- POSTED: 16 Jul 2014 14:08
- UPDATED: 16 Jul 2014 22:34
Israel urged 100,000 Gazans to flee their homes on Wednesday, but the warning was largely ignored as the military intensified its nine-day campaign after Hamas snubbed a ceasefire effort.
GAZA CITY, Palestinian Territories: Israel urged 100,000 Gazans to flee their homes on Wednesday, but the warning was largely ignored as the military intensified its nine-day campaign after Hamas snubbed a ceasefire effort.
As the punishing Israeli operation resumed pace, Palestinian leader Mahmud Abbas was to travel to Egypt and Turkey in search of regional support for an immediate end to the fighting after an attempt at an Egyptian-brokered truce collapsed.
So far, the Israeli campaign has killed 208 Palestinians, with a Gaza-based rights group saying over 80 percent of the victims were civilians. And militants have fired more than 1,200 rockets at Israel, which on Tuesday claimed their first Israeli life.
Overnight, warplanes struck about 40 sites across Gaza, among them political targets, as militants also kept up their fire on Israel's coastal plain, with four rockets shot down over metropolitan Tel Aviv.
The air force dropped flyers that warned some 100,000 Palestinians in the northeastern Gaza Strip to evacuate their homes by 0500 GMT, before it launched strikes that killed at least three people at Khan Yunis in the south.
The flyers threatened "aerial strikes against terror sites and operatives" in Zeitun and Shejaiya, two flashpoint districts east of Gaza City that were the source of "a high volume of rocket fire".
A similar message was sent to residents of Beit Lahiya in the north, echoing a warning sent by the army on Sunday, when more than 17,000 residents of the north fled for their lives, most seeking refuge in UN-run schools.

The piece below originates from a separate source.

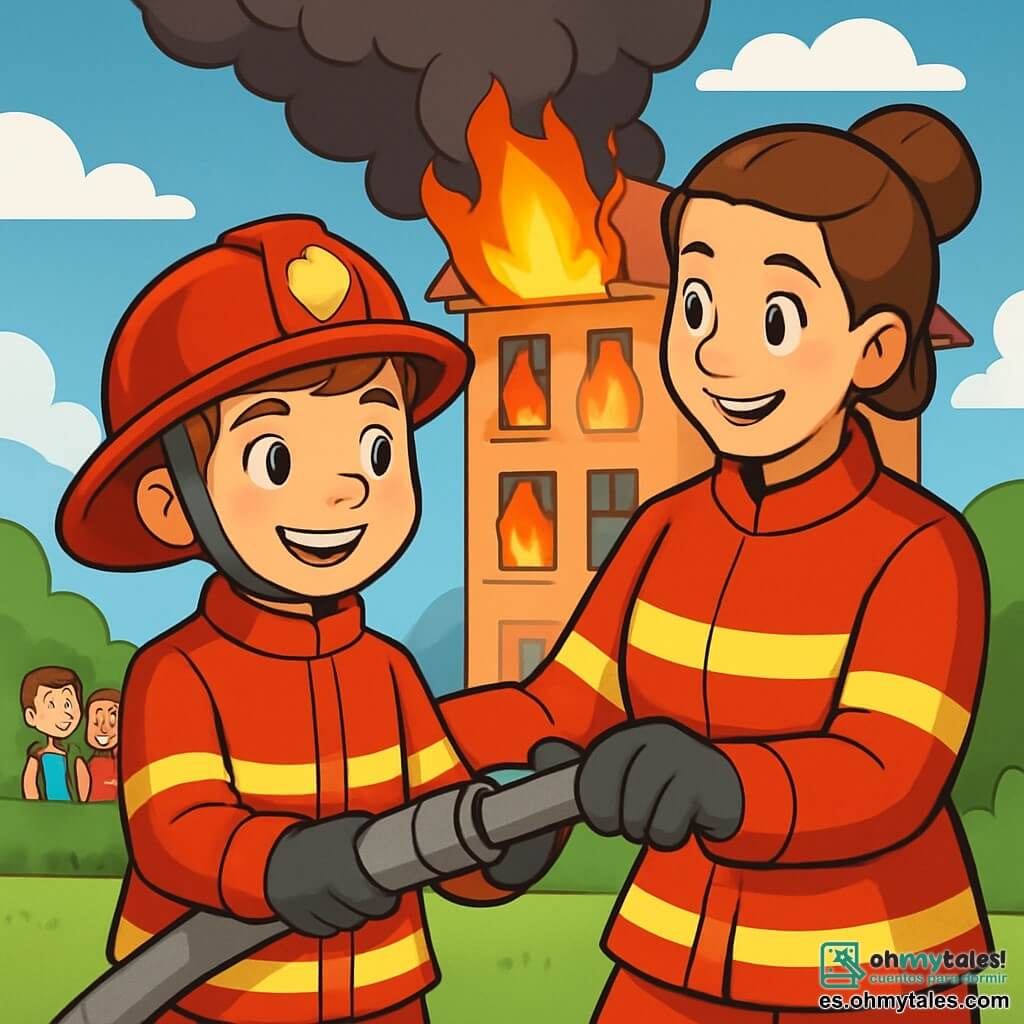 Lucas, un niño de 10 años, lleva un uniforme de bombero rojo brillante, con un casco reluciente en la cabeza. Su rostro expresa una determinación alegre y una ligera sonrisa, mientras sostiene una gran manguera con confianza. A su lado, Marta, una mujer de 30 años, es una bombera experimentada con el cabello castaño recogido en un moño. Ella mira a Lucas con orgullo, lista para ayudarlo en su misión. Al fondo, un edificio en llamas lanza nubes de humo negro al cielo azul, mientras que vecinos preocupados observan la escena. La situación principal muestra a Lucas y Marta preparándose para un rescate, con llamas en el edificio y niños mirando con admiración.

Flyers were seen falling in Zeitun, and residents elsewhere also reported receiving recorded phone and text messages urging them to evacuate and not return until further notice.
But the warnings did not have any effect immediate effect, with only a few people leaving their homes. Children could be seen picking up the flyers and playing with them, some ripping them up and scattering the pieces.
"They dropped these bits of paper from planes telling people to leave. Where should we go?" asked Faisal Hassan, who lives in Zeitun. "I will not leave my house, whatever happens. I have five children, we don't have food, we don't have wages. We're sitting here under God's mercy."
But Hamas urged residents to ignore the warnings. "There is no need to worry about these (warnings), or deal with them. Do not respond to them in any way," it said. "This is part of the psychological war, intended to disrupt the domestic front."
Israel's Prime Minister Benjamin Netanyahu has vowed the army would "expand and intensify" its operations after Hamas dismissed an Egyptian ceasefire proposal, firing scores of rockets over the border, despite the army holding its fire for six hours. "This would have been better resolved diplomatically... but Hamas leaves us no choice but to expand and intensify the campaign against it," he said.
Although Israel would still prefer a truce to a ground operation, the security cabinet met overnight to discuss the possibility of a limited ground operation, army radio reported. The cabinet approved plans to destroy the network of tunnels used by Hamas militants engaged in rocket fire, the radio said.
It also discussed the possibility of a limited ground incursion which would not initially involve entering towns of villages, as Israel continued its military build-up along the border.
ROCKET KILLS FIRST ISRAELI
The cabinet meeting came after a rocket on Monday claimed the first Israeli life, a civilian who had been delivering food to soldiers near the northern Erez crossing. Since July 8, militants have fired more than 1,200 rockets and mortars at Israel, and Israel has bombed more than 1,750 targets inside Gaza, according to the army.
Palestinian president Abbas was due to arrive in Cairo on Wednesday evening where he was expected to meet top Egyptian officials over fresh efforts to seek a ceasefire, and was expected to head to Turkey a day later, officials said.
Hamas explained its rejection of Cairo's efforts at a truce by saying it had not been included in the discussions, and thereby was not obliged to observe it. However, Mussa Abu Marzuq, a top member of the movement's exiled politburo said Hamas was still in discussions about a possible ceasefire.
In his remarks on Tuesday evening, Netanyahu hit back at domestic critics of his decision to accept Egypt's proposal, shortly afterwards he sacked the deputy defence minister over his criticism of the government's handling of the crisis.